= Silvanectes =

Belgic tribe

The Silvanectes (or Sulbanectes) were a small Belgic tribe dwelling around present-day Senlis (Oise) during the Roman period.

== Name ==

=== Attestations ===
They are mentioned as Ulmanectes by Pliny (1st c. AD), as Soubánektoi (Greek: Σουβάνεκτοι) by Ptolemy (2nd c. AD), and as Siluanectas in the Notitia Dignitatum (5th c. AD).

The Silvanectes are also attested under the name Sulbanectes in an inscription, and their capital was mentioned as civitas Sulbanectium in 48 AD.

=== Etymology ===
The etymology of the ethnonym remains unclear. It could be a Latinized form of Gaulish *Seluanecti (from seluā- 'possession, property' > 'herd'; cf. Old Irish selb 'property, possession', Welsh ar helw 'in possession of'), corrupted under the influence of Latin silva ('forest').
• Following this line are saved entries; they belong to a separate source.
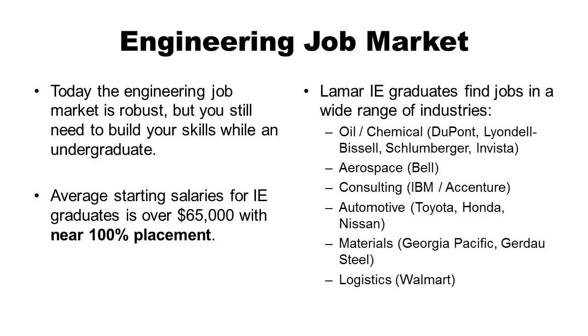The good news is that the job market for engineers is robust, but you still need to build skills as an undergraduate to get the really good jobs. The average starting salary for industrial engineering graduates is about $65K, with near 100% placement for Lamar graduates. Our graduates are finding jobs in a wide range of industries at leading companies — in oil and gas at DuPont and Schlumberger, aerospace at Bell, consulting at IBM Global Services and Accenture, automotive at Honda, Toyota, and Nissan, materials at Georgia Pacific or Dow Steel, and even at Walmart in their logistics group on scheduling transportation.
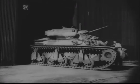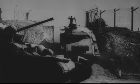Finally, tanks climb a special ramp out of the factory to be turned over immediately to waiting test pilots, highly trained army men who put their vehicles through their paces on the testing ground hard by. And what paces they put them through.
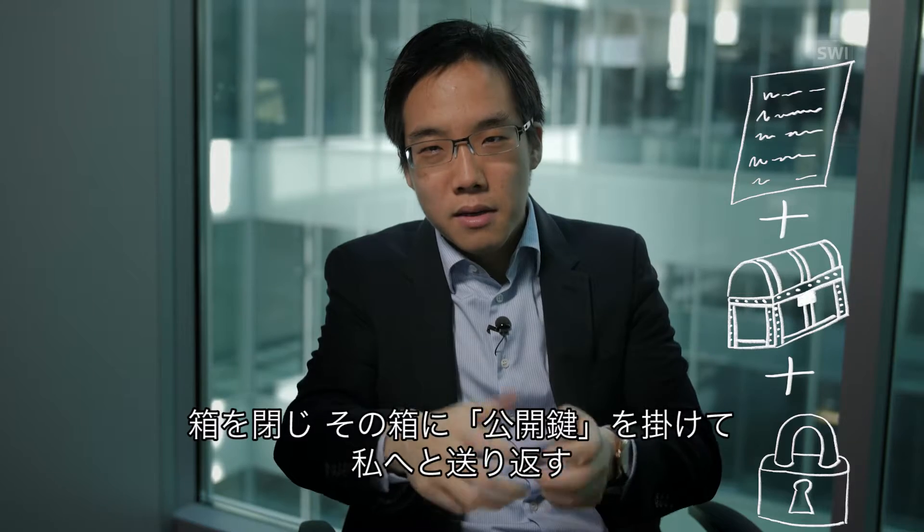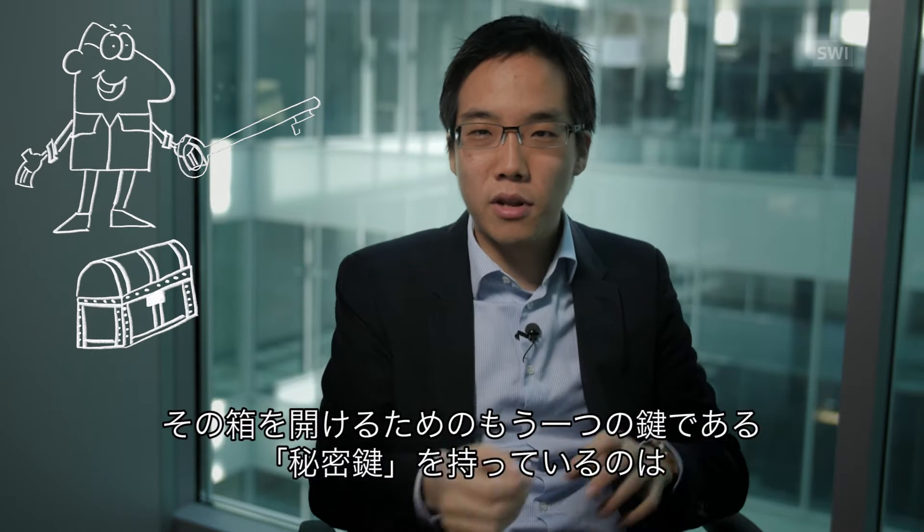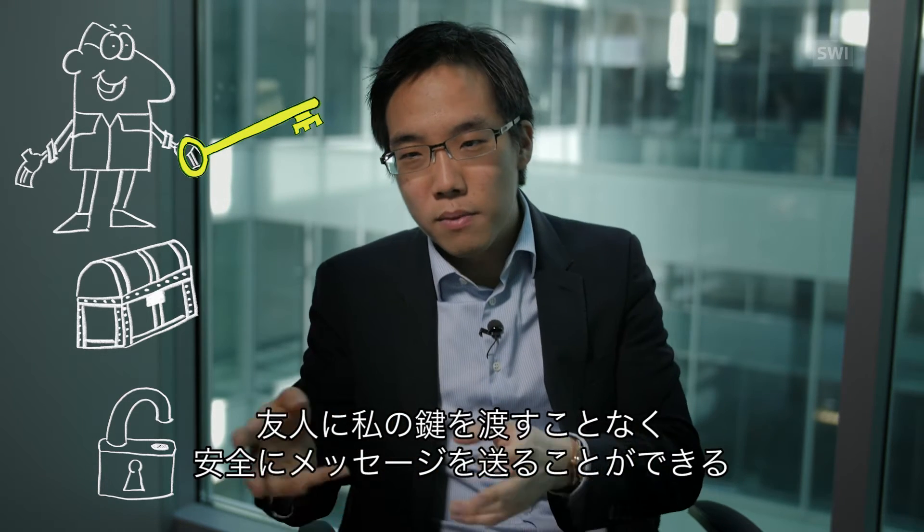My friend would take their message and put it into the box, close the box, and then put the padlock on. Then my friend can mail that box back to me. And no one else between him and me can read the message in the box, because they don't have the key to the lock. The only person that has the key to that lock is myself. So in this fashion, the communication between my friend and me is secured, and I'm able to let my friend secure the message without having to give him my key.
The city of Senlis, attested ca. 400 AD as civitas Silvanectum ('civitas of the Silvanectes', Sinleti in the 6th c., Senliz in 1211) is named after the Gallic tribe.

== Geography ==
The Silvanectes dwelled southwest of the Suessionnes, near the Meldi and the Bellovaci. Their small territory, a depression surrounded by wooded heights, could be easily dominated by the more powerful Bellovaci, to which they were probably tributary.